**EXERCISE BRIEF**. Exactly the lines from the one containing "The next one" through the end of the data, and nothing more, should be retyped; pictures stay out.

**INFORMATION PROVIDED**.
****
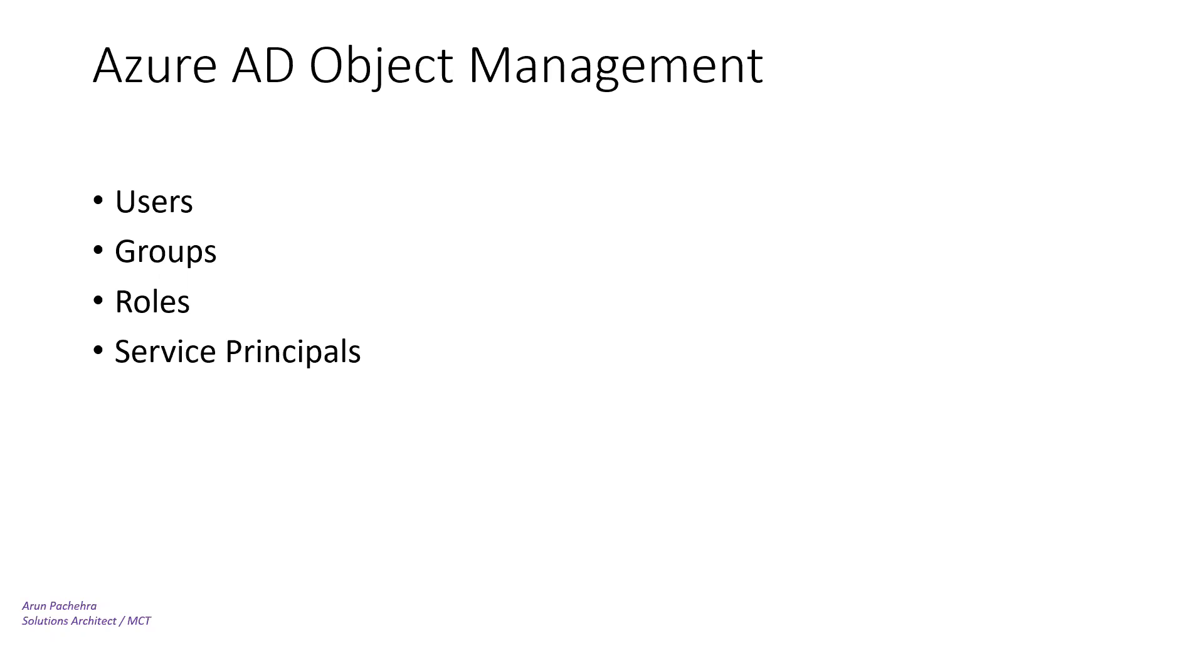Hello everyone, welcome to the next video in the AZ-500 series. As you can see from the screen, you already know what we're going to talk about today.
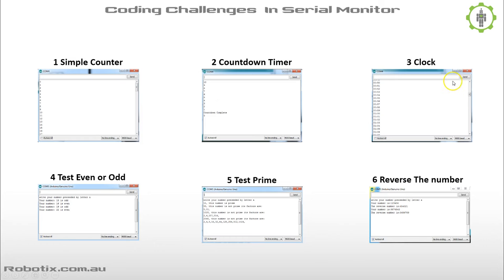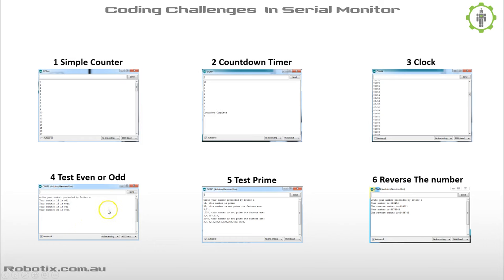The next one is you build a clock that tells the correct time — I suggest if you're already familiar with Arduino, you'll probably start with this one. After that, we do some maths: we write a program that tests if a number is odd or even, a program that tests whether a number is a prime number or not, and if not, we could print out the factors of that number.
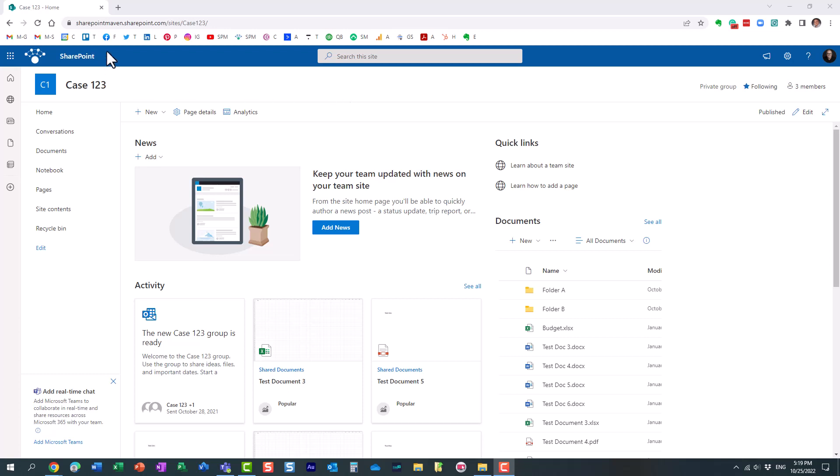Hello, this is Greg from SharePoint Maven. And in today's video, I want to explain to you how to address ownerless teams and groups within SharePoint and Microsoft 365.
****
**ANSWER BOX**.
The next one is you build a clock that tells the correct time — I suggest if you're already familiar with Arduino, you'll probably start with this one. After that, we do some maths: we write a program that tests if a number is odd or even, a program that tests whether a number is a prime number or not, and if not, we could print out the factors of that number.
Hello, this is Greg from SharePoint Maven. And in today's video, I want to explain to you how to address ownerless teams and groups within SharePoint and Microsoft 365.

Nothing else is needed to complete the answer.